そんな中、子どもたちの中には周りを見ずに前だけを見て走っている子がいます。
しっかりと周りを見ながら走っている子が、そういう子が近づいてきたときに上手く避けることができていたのでぶつかることはありませんでしたが、見ていてヒヤヒヤする場面も多くありました。
指導を終えた後、園の先生がたと子どもたちの様子を話していると、あるひとりの先生から
「四角い形をしたコートの中を子どもたちが自由に走るメニューのことですが、今回はありませんでしたが、子ども同士がぶつかるケースもあると思うので、みんな同じ方向に走らせた方がいいのではないでしょうか?」
というお話がありました。
私は「確かに同じ方向に走れば、ケガを防げるかもしれません。危険なことも起きないかもしれません。実際にこれまでに子ども同士がぶつかるケースもありました。」と答えました。
なぜ同じ方向に走るようにしないのか?
それは、
子どもたち自身が「もし危険な目に合うとしたらどんな要因があるのか?」を知り、その危険を子どもたち自身で未然に防げるようになってもらうことが狙いだからです。
動ける範囲が限られていて、周りで同じように走っている人がたくさんいて、しかも走る方向はみんなバラバラだとぶつかる危険性もあります。
その時に
- 首を振って周りを確認しながら走っているかな?
- ぶつかりそうなときに止まる意識、方向を変える意識を持ちながら走っているかな?
- もしかしたらぶつかるかもしれない?だれかがぶつかってくるかもしれない?ということを感じられているのかな?
といったような子どもたちの動きを見て確かめています。
もし、周りを見ずにものすごい勢いで走っている子や。
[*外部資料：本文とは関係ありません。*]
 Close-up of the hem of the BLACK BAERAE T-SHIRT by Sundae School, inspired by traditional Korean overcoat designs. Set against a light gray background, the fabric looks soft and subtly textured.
周りの子がぶつかってくるかもしれないということを全く考えていない(考えていないので周りを全く見ない)子がいたら教えてあげることが必要になるからです。
状況によって真っ先に考えるべきことを、考えることができていない。
周りを見ずに走っている子や、「周りの子がぶつかってくるかもしれない」と考えていない子は、ぶつかってしまっても、
- ぶつかった原因が分からない
- ぶつかった理由が間違っている
という場合があります。
例えば、子ども同士がぶつかってしまったとします。
周りの子がぶつかってくるかもしれない。ということを考えていない様子で走っていた子に「どうしてぶつかってしまったのかな?」と聞いてみます。
すると「あの子が、ぶつかってきたから」と答えることがあります。
本人が、周りを確認するという作業が欠けていることに気付いていません。
そもそも、ぶつかる状況の中にいるという認識をもっていないことが問題です。
これが違う場所ではもっと危険なことになるかもしれません。
大きな事故に繋がるかもしれない。
例えば、動いてるブランコの後ろを通ってブランコにぶつかってケガをしてしまう場合があります。
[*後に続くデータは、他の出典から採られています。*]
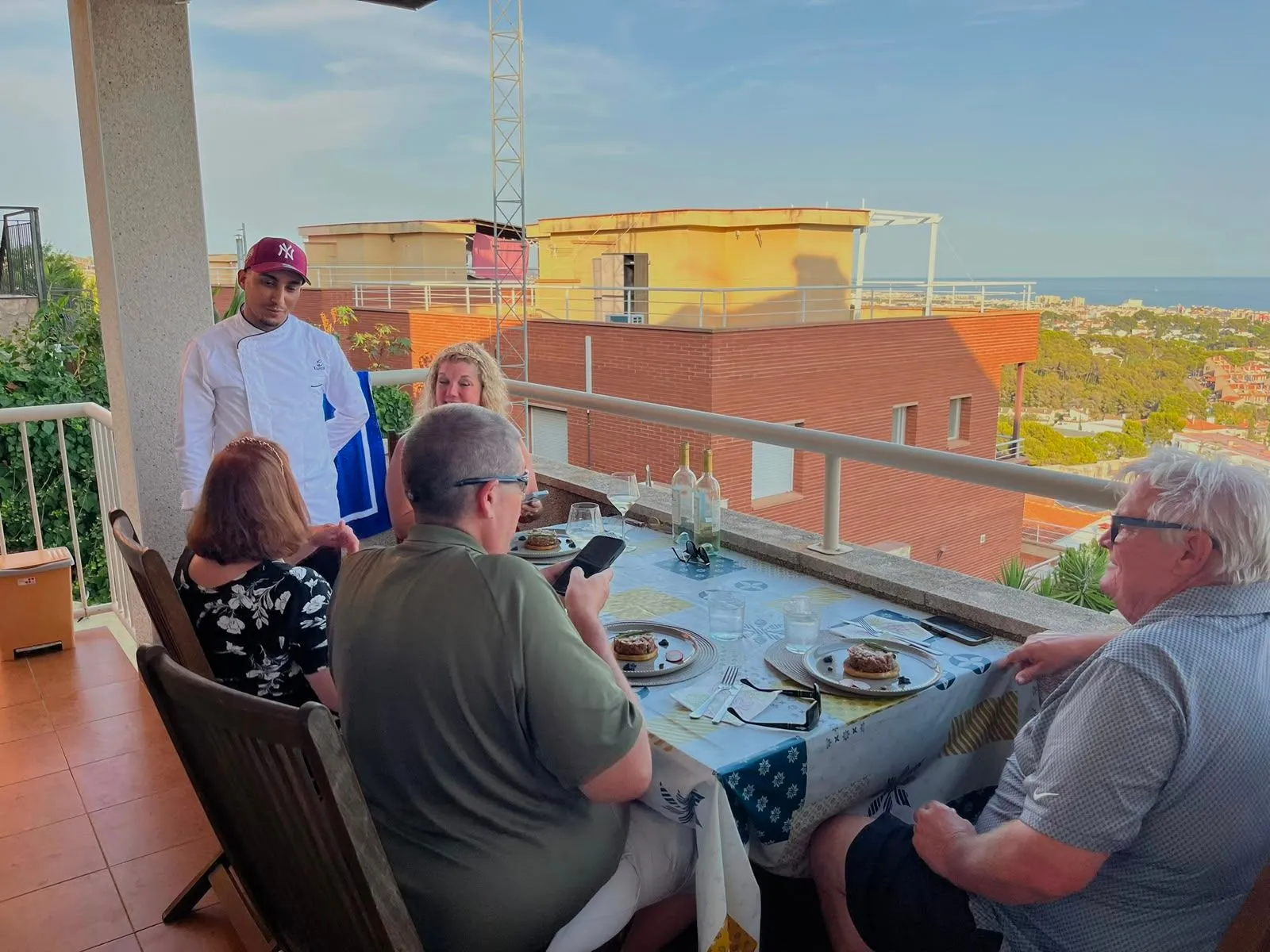 Invitados a la mesa en una terraza con vistas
動いているブランコに近づくとぶつかるかもしれないということよりも、危ない場所に自分が近づいてしまったということよりも、急にブランコがぶつかってきたと思うかもしれません。
そういった考え方のままだと、「何が原因でそうなったのか」を解決できず、また次も危ない場面に遭遇するかもしれません。
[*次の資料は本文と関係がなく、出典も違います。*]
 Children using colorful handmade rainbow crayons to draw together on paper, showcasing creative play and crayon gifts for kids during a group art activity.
保育園や幼稚園は集団で生活する場で、部屋で過ごしているときでも、園庭で遊んでいるときでも、集団で生活している以上、ケガが起きる可能性や危険なことが起こる可能性だってあります。
それは普段の日常生活でもいえることです。
日頃から運動を通して体験し、経験を繰り返すことで、危険から身を守るために必要な感覚を体が覚えていき、子どもたち自身が、自分の身を自分で守れるようになっていきます。
そのため、その時の危険やケガの回避だけでなく、さらに大きな事故や危険に合わないために様々な経験ができるようにしてあげる必要があると思います。